Living in an apartment? Expect your rent to go up again.
Renting has gotten increasingly expensive over the last five years. The average U.S. rent has climbed 14 percent to $1,124 since 2010, according to commercial property tracker Reis Inc. That’s 4 percentage points faster than inflation, and more than double the rise in U.S. home prices over the same period.
Now, even with a surge in apartment construction, rents are projected to rise yet another 3.3 percent this year, to an average of $1,161, according to Reis. While that’s slower than last year’s 3.6 percent increase, the broader upward trend isn’t going away.
“The only relief in sight is rents in the hottest markets are going to go up at a slower pace, but they’re still going to go up,” says Hessam Nadji, chief strategy officer at Marcus & Millichap, a commercial real estate firm.

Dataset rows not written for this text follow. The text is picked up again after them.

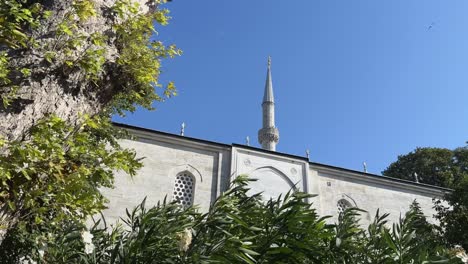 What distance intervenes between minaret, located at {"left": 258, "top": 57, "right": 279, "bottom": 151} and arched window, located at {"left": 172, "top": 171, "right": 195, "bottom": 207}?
2014 centimetres

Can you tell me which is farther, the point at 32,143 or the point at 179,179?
the point at 179,179

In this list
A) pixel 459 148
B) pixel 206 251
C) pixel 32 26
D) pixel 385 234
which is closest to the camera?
pixel 32 26

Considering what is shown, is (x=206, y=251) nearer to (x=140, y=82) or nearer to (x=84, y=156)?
(x=84, y=156)

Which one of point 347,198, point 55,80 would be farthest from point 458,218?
point 55,80

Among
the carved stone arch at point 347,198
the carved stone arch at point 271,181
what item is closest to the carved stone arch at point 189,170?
the carved stone arch at point 271,181

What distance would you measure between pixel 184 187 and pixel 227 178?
1745 millimetres

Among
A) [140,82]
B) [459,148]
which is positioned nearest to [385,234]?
[140,82]

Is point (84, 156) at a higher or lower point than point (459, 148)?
lower

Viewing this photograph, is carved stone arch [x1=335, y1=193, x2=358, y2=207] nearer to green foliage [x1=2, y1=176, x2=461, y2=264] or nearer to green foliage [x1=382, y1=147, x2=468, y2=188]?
green foliage [x1=2, y1=176, x2=461, y2=264]

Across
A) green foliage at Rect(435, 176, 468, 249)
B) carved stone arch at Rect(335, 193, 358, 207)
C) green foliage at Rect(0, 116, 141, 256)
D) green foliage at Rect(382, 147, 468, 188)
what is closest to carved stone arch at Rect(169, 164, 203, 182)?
carved stone arch at Rect(335, 193, 358, 207)

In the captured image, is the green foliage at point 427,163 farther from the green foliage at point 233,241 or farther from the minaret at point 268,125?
the green foliage at point 233,241

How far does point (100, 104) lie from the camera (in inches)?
165

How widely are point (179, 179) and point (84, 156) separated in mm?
11522

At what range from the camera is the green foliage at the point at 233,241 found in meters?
4.04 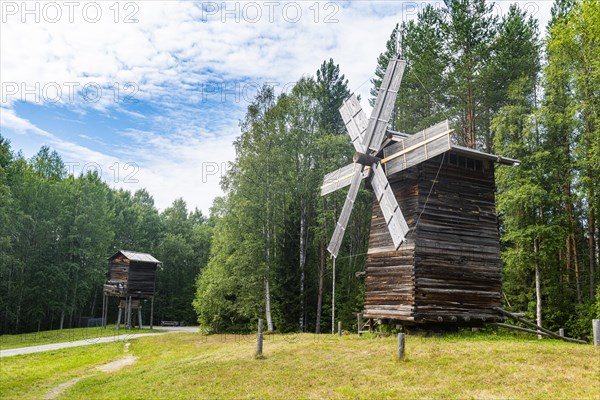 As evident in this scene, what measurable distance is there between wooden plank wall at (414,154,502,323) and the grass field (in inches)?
50.9

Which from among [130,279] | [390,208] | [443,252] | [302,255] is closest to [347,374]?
[390,208]

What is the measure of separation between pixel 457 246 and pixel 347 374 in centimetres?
835

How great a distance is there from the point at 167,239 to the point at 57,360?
135ft

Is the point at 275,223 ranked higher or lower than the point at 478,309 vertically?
higher

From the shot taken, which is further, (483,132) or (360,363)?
(483,132)

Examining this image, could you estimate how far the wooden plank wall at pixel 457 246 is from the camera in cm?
1953

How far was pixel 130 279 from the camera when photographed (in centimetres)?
4284

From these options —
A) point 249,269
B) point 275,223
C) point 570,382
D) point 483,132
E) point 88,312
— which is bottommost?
point 88,312

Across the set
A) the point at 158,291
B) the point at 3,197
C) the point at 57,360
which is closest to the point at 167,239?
the point at 158,291

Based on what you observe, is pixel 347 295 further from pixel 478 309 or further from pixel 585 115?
pixel 585 115

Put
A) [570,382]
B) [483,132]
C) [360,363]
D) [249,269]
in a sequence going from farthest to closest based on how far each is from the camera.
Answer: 1. [483,132]
2. [249,269]
3. [360,363]
4. [570,382]

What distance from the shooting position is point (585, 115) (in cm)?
2695

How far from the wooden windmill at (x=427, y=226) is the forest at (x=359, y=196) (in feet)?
20.1

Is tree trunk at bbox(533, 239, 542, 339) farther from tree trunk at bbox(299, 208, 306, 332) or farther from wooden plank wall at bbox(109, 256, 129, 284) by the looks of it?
wooden plank wall at bbox(109, 256, 129, 284) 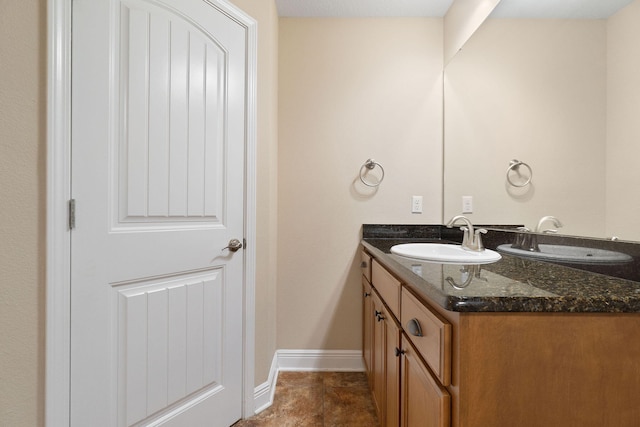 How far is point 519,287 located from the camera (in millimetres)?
633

The main reason: More people than ever are apartment hunting.
Young people who have been living with their parents are increasingly finding jobs and moving out. Rising home prices are leading many longtime renters to stay put.
In addition, most of the new apartments coming on the market are aimed at affluent tenants and carry higher-than-average rents. That’s true in cities where new buildings are going up in urban core areas, which means builders need to recoup higher land and development costs.
Consider Denver, where rents have risen more than 5 percent a year since 2010 — 9.2 percent in 2014 — according to Marcus & Millichap. Of 9,400 new apartment units added last year, 23 percent were in urban core areas.
Competition for apartments means renters are less likely to be able to negotiate with landlords, or win concessions such as a free month’s rent.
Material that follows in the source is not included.